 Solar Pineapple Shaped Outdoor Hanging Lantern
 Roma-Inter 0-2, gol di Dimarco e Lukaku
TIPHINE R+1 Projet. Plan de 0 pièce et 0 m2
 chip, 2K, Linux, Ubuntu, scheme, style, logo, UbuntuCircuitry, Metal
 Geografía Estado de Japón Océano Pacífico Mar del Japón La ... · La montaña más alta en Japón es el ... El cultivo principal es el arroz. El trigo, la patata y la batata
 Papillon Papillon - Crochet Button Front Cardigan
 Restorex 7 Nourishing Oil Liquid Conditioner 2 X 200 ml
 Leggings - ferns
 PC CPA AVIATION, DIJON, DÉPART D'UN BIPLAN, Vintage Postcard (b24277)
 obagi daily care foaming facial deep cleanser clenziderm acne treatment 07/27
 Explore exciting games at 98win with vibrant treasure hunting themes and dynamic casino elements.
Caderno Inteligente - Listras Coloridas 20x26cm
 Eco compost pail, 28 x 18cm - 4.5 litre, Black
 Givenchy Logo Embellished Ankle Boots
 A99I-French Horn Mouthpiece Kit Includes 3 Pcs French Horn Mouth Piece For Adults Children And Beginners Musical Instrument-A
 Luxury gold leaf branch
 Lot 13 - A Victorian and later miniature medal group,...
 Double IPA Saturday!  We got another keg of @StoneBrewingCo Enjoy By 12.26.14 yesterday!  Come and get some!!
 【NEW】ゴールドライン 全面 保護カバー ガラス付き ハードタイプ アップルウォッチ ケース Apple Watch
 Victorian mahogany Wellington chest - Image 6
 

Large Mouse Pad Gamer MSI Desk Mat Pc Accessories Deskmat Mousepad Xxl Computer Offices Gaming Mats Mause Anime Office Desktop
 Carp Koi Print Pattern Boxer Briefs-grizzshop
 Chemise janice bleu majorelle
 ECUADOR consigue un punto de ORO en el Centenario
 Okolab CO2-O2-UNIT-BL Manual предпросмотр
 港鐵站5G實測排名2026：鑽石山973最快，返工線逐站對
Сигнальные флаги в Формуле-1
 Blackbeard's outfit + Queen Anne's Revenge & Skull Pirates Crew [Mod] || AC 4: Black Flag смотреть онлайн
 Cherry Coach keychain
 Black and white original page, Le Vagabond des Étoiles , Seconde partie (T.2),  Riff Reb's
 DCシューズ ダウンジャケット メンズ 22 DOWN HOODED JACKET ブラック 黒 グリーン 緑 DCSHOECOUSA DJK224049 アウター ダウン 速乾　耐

_ _ _ _ _ _ _

TASK DESCRIPTION => Using the data above, repeat exactly the lines that begin at the line with "Givenchy Logo Embellished Ankle Boots" and end at the line with "Lot 13 - A Victorian", both ends included.

ANSWER TO THIS EXERCISE =>
 Givenchy Logo Embellished Ankle Boots
 A99I-French Horn Mouthpiece Kit Includes 3 Pcs French Horn Mouth Piece For Adults Children And Beginners Musical Instrument-A
 Luxury gold leaf branch
 Lot 13 - A Victorian and later miniature medal group,...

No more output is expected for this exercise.